Once the parameters have been appropriately cast to their proper types the Python and NumPy random seed values are set to ensure that the data is completely reproducible for the same provided seed. That is, your results should exactly match those below if the same seed and parameters are provided.

Finally the class is instantiated and is called (using the __call__ dunder method described above) for each desired number of assets.

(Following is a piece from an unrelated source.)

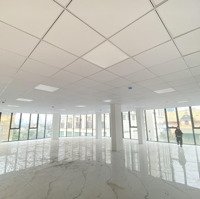 Cho Thuê Văn Phòng Nguyễn Văn Huyên 150M2 Giá Thuê 26 Triệu Chính Chủ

This is achieved by calling the class as if it were a function (see the gbmas() line below):

@click.command()
@click.option('--num-assets', 'num_assets', default='1', help='Number of separate assets to generate files for')
@click.option('--random-seed', 'random_seed', default='42', help='Random seed to set for both Python and NumPy for reproducibility')
@click.option('--start-date', 'start_date', default=None, help='The starting date for generating the synthetic data in YYYY-MM-DD format')
@click.option('--end-date', 'end_date', default=None, help='The starting date for generating the synthetic data in YYYY-MM-DD format')
@click.option('--output-dir', 'output_dir', default=None, help='The location to output the synthetic data CSV file to')
@click.option('--symbol-length', 'symbol_length', default='5', help='The length of the asset symbol using uppercase ASCII characters')
@click.option('--init-price', 'init_price', default='100.0', help='The initial stock price to use')
@click.option('--mu', 'mu', default='0.1', help='The drift parameter, \mu for the GBM SDE')
@click.option('--sigma', 'sigma', default='0.3', help='The volatility parameter, \sigma for the GBM SDE')
@click.option('--pareto-shape', 'pareto_shape', default='1.5', help='The shape of the Pareto distribution simulating the trading volume')
def cli(num_assets, random_seed, start_date, end_date, output_dir, symbol_length, init_price, mu, sigma, pareto_shape):
    num_assets = int(num_assets)
    random_seed = int(random_seed)
    symbol_length = int(symbol_length)
    init_price = float(init_price)
    mu = float(mu)
    sigma = float(sigma)
    pareto_shape = float(pareto_shape)

    # Need to seed both Python and NumPy separately
    random.seed(random_seed)
    np.random.seed(seed=random_seed)

    gbmas = GeometricBrownianMotionAssetSimulator(
        start_date,
        end_date,
        output_dir,
        symbol_length,
        init_price,
        mu,
        sigma,
        pareto_shape
    )

    # Create num_assets files by repeatedly calling
    # the instantiated class
    for i in range(num_assets):
        print('Generating asset path %d of %d...' % (i+1, num_assets))
        gbmas()

Yet again, the file will still not do anything if executed. The final task is to create an if __name__ == "__main__": statement to actually tell the Python interpreter to execute the cli() function:

if __name__ == "__main__":
    cli()

This completes the description of the code.

Running the Code

The code is now executable from the command line. However, it still needs to be executed within a suitable Python environment that contains all of the external dependencies (Click, NumPy and Pandas). The most straightforward way to achieve this is to install the freely available Anaconda Pythn distribution on a local machine. You may need to install Click via:

pip install click

You can then execute the code by opening up a command line terminal and running the following:

python gbm.py --num-assets=5 --random-seed=41 --start-date='1993-01-01' --end-date='2022-07-31' --output-dir='.' --symbol-lenth=5 --init-price=100.0 --mu=0.1 --sigma=0.3 --pareto-shape=1.5

This will then generate five separate CSV files in the same directory as the location of the script covering the period from the start of 1993 until the end of July 2022 (when this article was originally written), with various values utilised for the statistical distributions.

Plotting the Data

As a final check it is worth loading the data via Pandas and plotting it via Matplotib. A simple script to achieve this would be:

import matplotlib.pyplot as plt
import pandas as pd


if __name__ == "__main__":
    # Change BUAWV.csv to your preferred ticker symbol
    df = pd.read_csv('BUAWV.csv').set_index('date')
    df[['open', 'high', 'low', 'close']].plot()
    plt.show()

The produces a figure similar to the following:

Geometric Brownian Motion SDE and Pareto distribution based asset path simulation.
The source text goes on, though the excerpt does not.